Chief executive Fabrizio Freda attributed the lacklustre results to the slow resumption of travel in key markets in South Korea and China’s Hainan province. He said the recovery in travel retail for Asia was far more volatile than expected and more gradual than in other regions. The firm’s travel unit in Asia saw net sales drop 8% due to slow resumption of travel in key markets. The company has also been impacted by the termination of licensing agreements for products like Donna Karan and Michael Kors, which is also expected to affect net sales.
Despite the disappointing results, analysts from Barclays, Piper Sandler, and Oppenheimer have all maintained their Overweight and Outperform ratings on Estée Lauder, with price targets ranging from $287 to $290. However, UBS has maintained a Neutral rating on the company with a price target of $278, and Telsey Advisory Group downgraded its action on the company to Outperform with a price target of $320. Traders can stay updated on real-time options trading for Estée Lauder by subscribing to Benzinga Pro.
Estée Lauder Companies’ stock is currently considered expensive compared to the industry average.
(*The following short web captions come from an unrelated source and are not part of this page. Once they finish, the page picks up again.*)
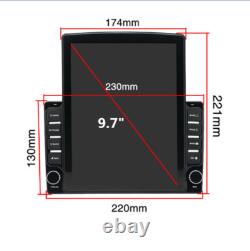 Touch Screen Car Stereo Radio MP5 Player GPS WIFI DVR OBD DAB BT AUX WithDash Cam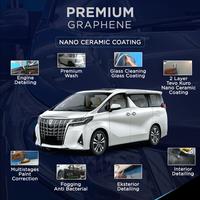 Gambar PDV Paket Nano Ceramic Coating Premium Graphene New Car - Small Car dari PDV Detailing Kab. Tangerang 1 Tokopedia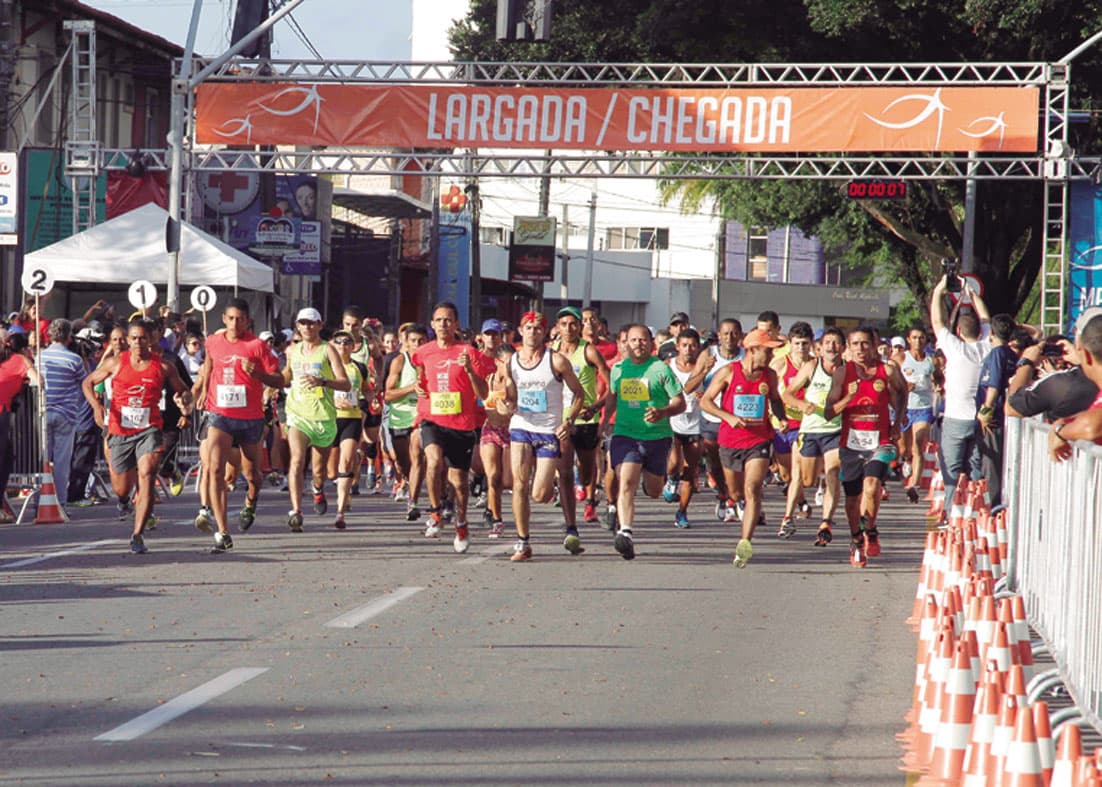 Meia Maratona Sesc de Revezamento acontece neste sábado em Mossoró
The ratio of its price-to-earnings (PE) ratio of 57.72x is significantly higher than the industry average of 18.37x, indicating that the stock is trading at a more expensive price relative to its peers. The stock’s high beta factor may suggest the potential for the share price to decline in the future, thus creating a better opportunity for investors to buy in.
In conclusion, Estée Lauder’s growth plans have been thwarted by weak travel retail sales in Asia, with further Covid-19 related impacts expected until 2023. While the company may be overpriced, it is still projected to double its earnings in the short term. Interested parties may want to wait for a potential price drop before buying into the stock.